Melanie eventually calmed herself down. I left shortly after with an excuse that I would be late for dinner. I was greeted by Lisa; her gaze locked with mine. She stood still with her stare unwavering as I slowly backed away.
I asked what she was doing but she responded by asking who I was talking to. I told her it was just some childhood friend. She told me to stop lying, and my heart skipped a beat. I told her I wasn’t but she told me again to stop lying. Before I could respond her eyes narrowed and she asked me what the witch told me. I think she was referring to Melanie as the witch. I responded by saying we talked about various things that we had to catch up on. She started crying and asked again for me to stop lying. Her crying just gave me the creeps. Her face wasn’t red; it remained calm and emotionless. Her voice was unwavering.
She stepped closer and from instinct I felt for my tazer that was hiding in my coat pocket. She was close enough to whisper six words in my ear. “You know the trees have eyes”. Those words sent a long cold shiver throughout my body. Her voice was like the sound of leaves rustling in the midnight breeze. That’s how I could describe it. I made my choice to flee. I knew I could outrun her because I had police training.
All the air rushed from my lungs as I was tackled to the dirt below. I struggled to turn my body around because a strong force was sitting on my stomach. I turned my neck instead and saw Lisa looking down at me. I reached for my tazer. She started convulsing and vomiting when the metal prongs connected with her hip. I used my chance to flee down the path that seemed to radiate malice with each step I took. I turned around once I reached the foot of the hill expecting to see Lisa staring back at me. She wasn't there, and I was so goddamn glad.
I decided to make my way back to the house so I could gather my things and leave. I arrived at the door and was met with nothing strange inside. The same elderly couple sat quietly while staring at the flickering screen before them. I acsended the squeaky wooden stairs quickly as I made my way towards the blue bedroom I slept in. Nothing was wong in my room. Not even a single spec of dust was ascew. I was quickly packing my belongings into my suitcase but I stopped when I heard a knock at the door. I froze and prayed that the door wasn't the only thing that kept me and Lisa apart. I made my decision to open the door. My body filled with regret as Lisa smiled up to me.

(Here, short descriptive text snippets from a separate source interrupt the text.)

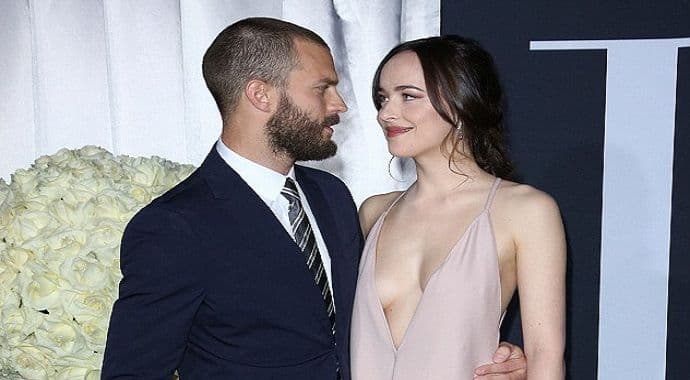 Na premijeri "Pedeset nijansi: Mračnije" sve oči uprte u Dakotu Johnson Na premijeri "Pedeset nijansi: Mračnije" sve oči uprte u Dakotu Johnson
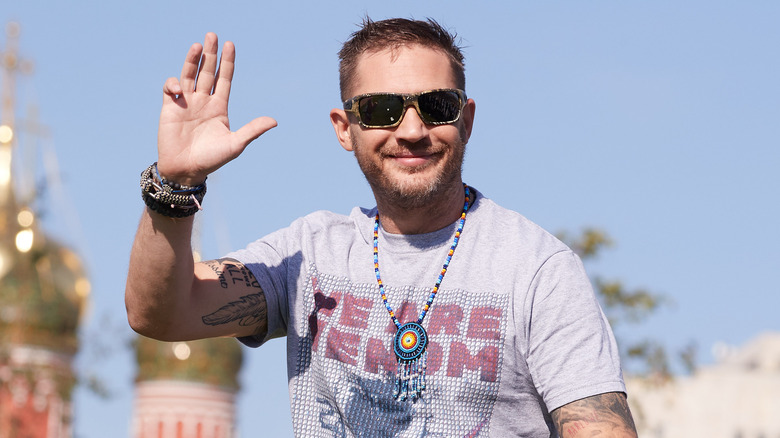 Tom Hardy waving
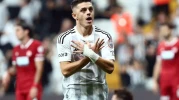 Beşiktaş’ta Rashica Krizi: Alanyaspor Maçında Neden Yok, Neden Oynamıyor?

I managed to squeak out a small "What do you want". I expected her to grin, but to my surprise she frowned. She asked me if something was wrong and if she could enter the room. She told me she needed to get a book. She came in because the only thing I could do in response was mumble. I guess she took it as a ‘yes’. I watched every step she took towards the bookshelf. She reached up for a book and the shirt she was wearing dragged up giving me sight of her unbruised hip. My brain went overdrive trying to decipher what that meant. Night came without trouble.
October 4th, 2014
I'm writing this down quickly. There is a forest fire outside. I'm leaving this place today when emergency response arrives. I won't continue writing in this journal.